*** RECORDS SUPPLIED ***
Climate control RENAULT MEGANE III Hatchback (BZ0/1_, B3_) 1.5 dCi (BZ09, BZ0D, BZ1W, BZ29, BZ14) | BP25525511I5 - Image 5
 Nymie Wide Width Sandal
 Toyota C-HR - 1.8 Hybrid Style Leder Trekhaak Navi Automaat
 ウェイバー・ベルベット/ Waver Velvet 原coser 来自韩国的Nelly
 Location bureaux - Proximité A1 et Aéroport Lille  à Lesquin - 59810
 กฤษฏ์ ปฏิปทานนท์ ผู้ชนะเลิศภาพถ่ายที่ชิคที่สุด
*** End of RECORDS SUPPLIED ***
- WHAT TO PRODUCE: Every entry should be duplicated exactly as written.

- ANSWER:
Climate control RENAULT MEGANE III Hatchback (BZ0/1_, B3_) 1.5 dCi (BZ09, BZ0D, BZ1W, BZ29, BZ14) | BP25525511I5 - Image 5
 Nymie Wide Width Sandal
 Toyota C-HR - 1.8 Hybrid Style Leder Trekhaak Navi Automaat
 ウェイバー・ベルベット/ Waver Velvet 原coser 来自韩国的Nelly
 Location bureaux - Proximité A1 et Aéroport Lille  à Lesquin - 59810
 กฤษฏ์ ปฏิปทานนท์ ผู้ชนะเลิศภาพถ่ายที่ชิคที่สุด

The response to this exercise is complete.